A 2.5-liter 4-cylinder engine with 154 horsepower was standard on the basic Frontiers, but most were equipped with a 261-horsepower, 4.0-liter V-6 engine. In 2014, the Frontier was rated to tow up to 6,500 lbs. or carry as much as 1,524 lbs. of payload, depending on configuration. Rugged in appearance and construction, equipped with plenty of power and capability, recent examples of the Nissan Frontier are among the best used trucks you can buy, especially since this generation is still current as of the 2015 model year.
For decades, used pickup buyers have turned to Toyota for a reliable workhorse. And so it is with the Tacoma, last redesigned for the 2005 model year when it grew significantly in size and became a true midsize pickup. Offered in regular-, extended-, and crew-cab styles with 2- or 4-wheel drive, the Tacoma came with a 159-horsepower, 2.7-liter 4-cylinder engine or a 236-horsepower, 4.0-liter V-6 engine. In 2012, maximum towing capacity measured 6,500 lbs. and maximum payload capacity measured 1,510 lbs.
The PreRunner model, a 2-wheel-drive truck with the appearance of a 4-wheel-drive model, proved popular. The performance-tuned XRunner, sold continuously during the Tacoma’s run, is a rarity. Off-roaders will want to find a Tacoma outfitted with Toyota Racing Development (TRD) gear. Since the late 1960s, small Toyota trucks have proven their dependability in the face of daunting odds, perhaps most famously in an episode of the BBC’s “Top Gear” in which the hosts seemingly could not kill one no matter how hard they tried. The current version of the Tacoma is a worthy heir to the legacy, and as it’s still available as of the 2015 model year, used truck shoppers can rest assured that late model examples are still relevant.

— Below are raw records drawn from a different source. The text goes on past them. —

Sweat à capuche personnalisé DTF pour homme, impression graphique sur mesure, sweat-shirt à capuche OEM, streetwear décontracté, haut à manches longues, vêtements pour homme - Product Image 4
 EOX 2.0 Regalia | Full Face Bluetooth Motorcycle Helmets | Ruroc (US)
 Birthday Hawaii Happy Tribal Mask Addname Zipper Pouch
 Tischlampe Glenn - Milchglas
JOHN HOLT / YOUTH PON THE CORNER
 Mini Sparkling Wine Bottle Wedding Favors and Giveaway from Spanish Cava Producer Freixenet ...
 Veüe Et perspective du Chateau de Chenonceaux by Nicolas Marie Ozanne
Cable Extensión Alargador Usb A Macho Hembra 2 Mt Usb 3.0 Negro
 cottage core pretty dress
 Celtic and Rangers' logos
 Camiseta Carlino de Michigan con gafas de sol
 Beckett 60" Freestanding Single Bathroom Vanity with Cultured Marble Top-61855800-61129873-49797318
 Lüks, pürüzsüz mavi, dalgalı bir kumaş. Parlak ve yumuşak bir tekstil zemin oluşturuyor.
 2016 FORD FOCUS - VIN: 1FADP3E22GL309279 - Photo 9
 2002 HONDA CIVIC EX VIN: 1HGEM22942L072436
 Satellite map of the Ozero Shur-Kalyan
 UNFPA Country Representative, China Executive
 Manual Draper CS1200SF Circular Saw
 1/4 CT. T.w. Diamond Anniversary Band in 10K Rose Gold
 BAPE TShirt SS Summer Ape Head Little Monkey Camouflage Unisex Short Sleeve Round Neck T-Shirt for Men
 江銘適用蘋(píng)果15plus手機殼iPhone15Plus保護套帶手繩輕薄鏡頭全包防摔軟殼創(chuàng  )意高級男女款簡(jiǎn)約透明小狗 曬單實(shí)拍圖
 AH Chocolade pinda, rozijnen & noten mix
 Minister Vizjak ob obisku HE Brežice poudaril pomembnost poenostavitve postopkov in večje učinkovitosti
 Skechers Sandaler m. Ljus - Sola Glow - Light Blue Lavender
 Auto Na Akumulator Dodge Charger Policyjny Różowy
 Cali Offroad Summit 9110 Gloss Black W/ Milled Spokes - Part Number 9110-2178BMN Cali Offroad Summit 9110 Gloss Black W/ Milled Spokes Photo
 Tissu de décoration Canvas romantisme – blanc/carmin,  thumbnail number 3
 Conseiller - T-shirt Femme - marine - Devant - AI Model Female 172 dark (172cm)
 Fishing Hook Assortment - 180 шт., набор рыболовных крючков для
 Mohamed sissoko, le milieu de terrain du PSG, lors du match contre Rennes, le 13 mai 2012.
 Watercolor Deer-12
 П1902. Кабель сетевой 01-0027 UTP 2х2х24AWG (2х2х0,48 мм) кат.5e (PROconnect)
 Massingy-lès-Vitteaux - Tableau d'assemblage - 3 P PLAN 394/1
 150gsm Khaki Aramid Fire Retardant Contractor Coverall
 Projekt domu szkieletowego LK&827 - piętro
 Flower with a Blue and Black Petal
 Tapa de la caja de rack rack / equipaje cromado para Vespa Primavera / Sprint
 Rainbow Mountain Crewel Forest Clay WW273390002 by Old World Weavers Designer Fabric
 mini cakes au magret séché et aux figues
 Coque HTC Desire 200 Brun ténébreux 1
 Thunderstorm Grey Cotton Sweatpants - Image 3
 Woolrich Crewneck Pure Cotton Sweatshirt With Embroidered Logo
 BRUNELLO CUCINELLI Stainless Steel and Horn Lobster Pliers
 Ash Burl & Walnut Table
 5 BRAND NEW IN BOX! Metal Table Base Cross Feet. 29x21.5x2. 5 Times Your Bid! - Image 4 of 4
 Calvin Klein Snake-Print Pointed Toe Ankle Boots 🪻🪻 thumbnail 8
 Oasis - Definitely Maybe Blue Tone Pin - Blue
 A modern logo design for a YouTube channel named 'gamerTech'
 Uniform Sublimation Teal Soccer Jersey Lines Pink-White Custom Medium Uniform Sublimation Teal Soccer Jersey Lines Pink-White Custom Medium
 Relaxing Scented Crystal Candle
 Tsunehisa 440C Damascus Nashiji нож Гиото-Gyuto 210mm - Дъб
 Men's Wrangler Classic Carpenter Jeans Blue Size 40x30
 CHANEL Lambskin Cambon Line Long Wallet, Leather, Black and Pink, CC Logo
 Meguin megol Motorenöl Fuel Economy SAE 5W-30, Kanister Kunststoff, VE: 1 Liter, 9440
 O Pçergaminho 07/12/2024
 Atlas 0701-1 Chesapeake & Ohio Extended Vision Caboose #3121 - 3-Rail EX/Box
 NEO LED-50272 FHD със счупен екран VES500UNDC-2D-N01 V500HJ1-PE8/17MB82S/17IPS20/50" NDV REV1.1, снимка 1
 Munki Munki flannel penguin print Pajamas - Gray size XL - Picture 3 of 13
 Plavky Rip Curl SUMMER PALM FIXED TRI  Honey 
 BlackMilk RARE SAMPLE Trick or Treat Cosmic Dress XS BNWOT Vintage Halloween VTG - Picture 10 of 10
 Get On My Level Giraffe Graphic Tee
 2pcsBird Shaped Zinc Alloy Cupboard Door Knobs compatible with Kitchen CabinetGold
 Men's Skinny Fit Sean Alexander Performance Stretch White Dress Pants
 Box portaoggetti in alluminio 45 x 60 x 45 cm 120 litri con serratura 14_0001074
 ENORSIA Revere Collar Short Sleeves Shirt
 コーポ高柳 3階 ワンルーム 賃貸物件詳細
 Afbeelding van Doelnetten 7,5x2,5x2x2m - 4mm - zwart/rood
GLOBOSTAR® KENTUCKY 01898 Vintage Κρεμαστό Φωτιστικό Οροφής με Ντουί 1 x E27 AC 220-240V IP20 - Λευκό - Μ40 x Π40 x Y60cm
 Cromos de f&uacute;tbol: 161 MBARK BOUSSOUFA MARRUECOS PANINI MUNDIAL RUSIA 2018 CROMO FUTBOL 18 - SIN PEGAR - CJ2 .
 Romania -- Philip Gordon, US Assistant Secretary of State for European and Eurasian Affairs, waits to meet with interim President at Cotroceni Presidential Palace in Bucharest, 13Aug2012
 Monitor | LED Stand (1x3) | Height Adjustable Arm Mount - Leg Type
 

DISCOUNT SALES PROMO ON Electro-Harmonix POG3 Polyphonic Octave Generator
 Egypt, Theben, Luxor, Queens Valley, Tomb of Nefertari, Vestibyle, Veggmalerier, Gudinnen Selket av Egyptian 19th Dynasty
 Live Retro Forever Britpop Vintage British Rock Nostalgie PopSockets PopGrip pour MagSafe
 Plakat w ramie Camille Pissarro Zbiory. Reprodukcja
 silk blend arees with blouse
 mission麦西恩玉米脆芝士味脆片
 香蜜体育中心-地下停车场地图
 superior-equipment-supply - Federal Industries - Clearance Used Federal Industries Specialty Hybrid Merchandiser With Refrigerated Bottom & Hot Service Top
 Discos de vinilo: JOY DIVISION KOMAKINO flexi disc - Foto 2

Toyota has tried on three different occasions to build a full-size pickup capable of grabbing market share from the Detroit Big 3, but truck buyers have proved stubbornly loyal to the F-Series, Ram, Silverado, and Sierra. Toyota’s first attempt, the T100, wasn’t big enough or powerful enough. The second try, a larger model with a proper V-8 engine and new name, gained greater acceptance but still didn’t hit the bull’s eye. To ensure that the third time was the charm, Toyota went big but didn’t go home, preferring instead to construct a dedicated assembly plant in the heart of truck country: Texas. That didn’t quite work, either.
If Toyota has struggled to sell the Tundra, fault cannot be placed at the truck’s contact patches when it comes to durability. These are tough workhorses, sold in regular-, extended- and crew-cab styles with a choice between a V-6 or a V-8 engine. When the 2007 Tundra arrived, it offered three engines ranging from a 236-horsepower, 4.0-liter V-6 to a 381-horsepower, 5.7-liter V-8. Payload and towing ratings were dramatically improved, and in 2014 the Tundra could handle up to 1,885 lbs. of payload and a 10,400-lb. trailer. A variety of Tundra models are available, from bare bones basic work trucks to the luxurious Limited model, with TRD Sport and TRD Rock Warrior models tossed in for buyers seeking to maximize the truck’s prowess on paved and unpaved roads. No matter which one you buy, the Tundra is one of the best used trucks available today.